Community leaders and elected officials were disheartened by news of the impending sawmill shutdown in John Day.

Grant County Judge Mark Webb noted the way Malheur Lumber Co. and its parent company, Ochoco Lumber, had tried to adapt and adjust to challenging times and keep the mill going.

Webb is frustrated that the bureaucracy and leadership seem to be working in an older paradigm, one that no longer addresses the needs of the forests or rural communities.

Announcing the shutdown plan, Ochoco president Bruce Daucsavage also was critical of the “lack of urgency” in Washington, D.C., other than that shown by U.S. Sen. Ron Wyden and U.S. Rep. Greg Walden.

“With the exception of Sen. Wyden and Congressman Walden, there has been little effort made in solving the issues that plague our forests and rural communities,” Daucsavage said.

Wyden said the announcement “sends a clear message that we have a lot of work to do” to ensure reasonable harvest levels to maintain the mills.

“If we are ever going to restore the health of the overstocked forests, we need the infrastructure and that means successful mills and skilled workers,” he said.

Wyden offered a hopeful note that the continued operation of the biomass facility would preserve some infrastructure “for the day when we can assure access to timber.”

Walden pledged to continue working for legislation to provide active forest management – to allow federal land managers to do their jobs in the forests, and to ensure natural resources are available to create local jobs and healthy forests.

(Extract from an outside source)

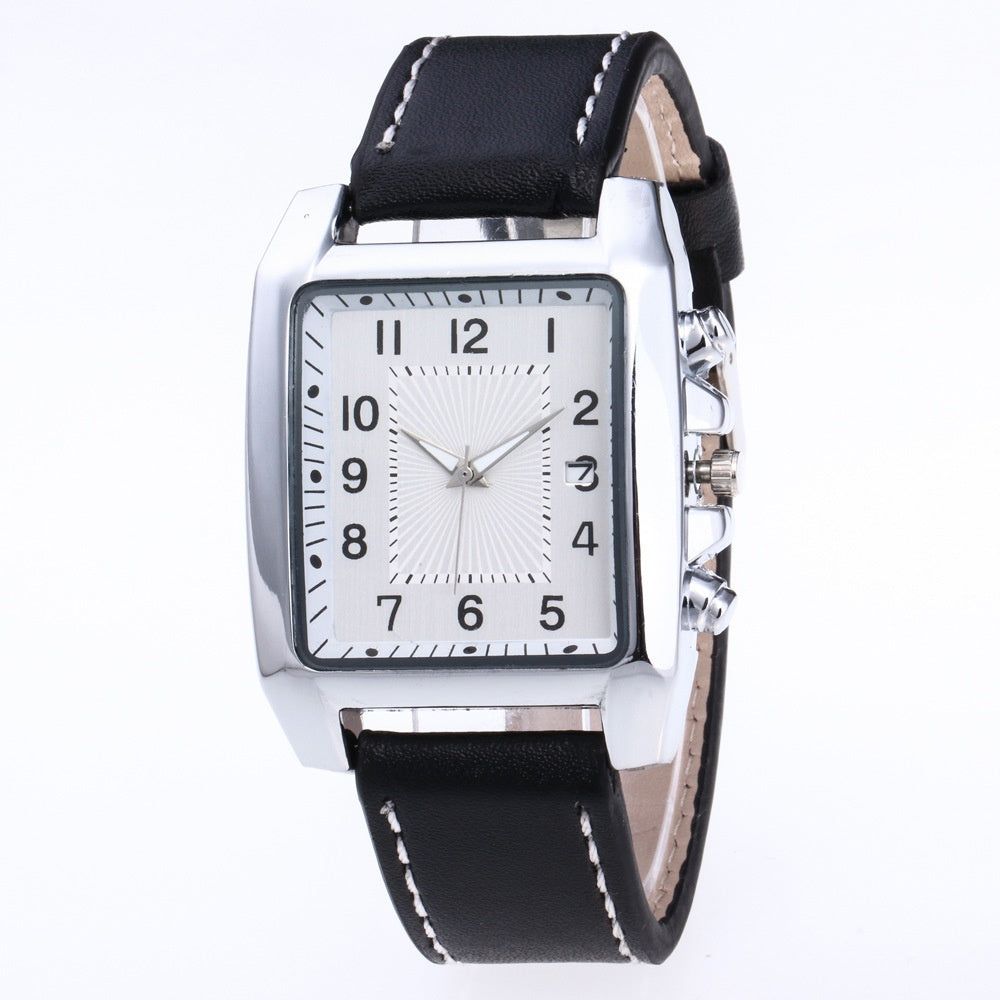 Men’s Quartz Leather Watch – Casual Analog Wristwatch with Metal Case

“Malheur Lumber, its employees, and the community of John Day have become another victim of the broken federal forest policy dogged by bureaucracy and lawsuits,” he said. “This unfortunate closure is a stark example of the urgency faced by our federally forested communities.”

“We must make a change in forest policy or risk losing all timber infrastructure and the economic foundations of many rural communities.”

Mark Witty, Grant School District No. 3 superintendent, worries about the “cascading effects” of the closure on the community, its businesses, and the schools.

“At District 3, we’re looking to see how it will impact us,” he said. “Obviously, we have some families affected by this. My heart goes out to those folks who are in the position of losing a job.”

The ripple effect for the schools comes when out-of-work residents with school-age children must leave the area for jobs elsewhere.

The district has already downsized its campuses and some programs in the face of declining enrollment and state funding.

“We were looking toward a plateau in that, but it’s likely this could change the plateau,” Witty said.

He said the impact could be devastating for the community, but he sees a glimmer of hope in the continued operation of the Malheur biomass plant.

“As a community we’ve got to maintain hope and keep looking for opportunities,” Witty said. “Because we really are done, if we stop trying.”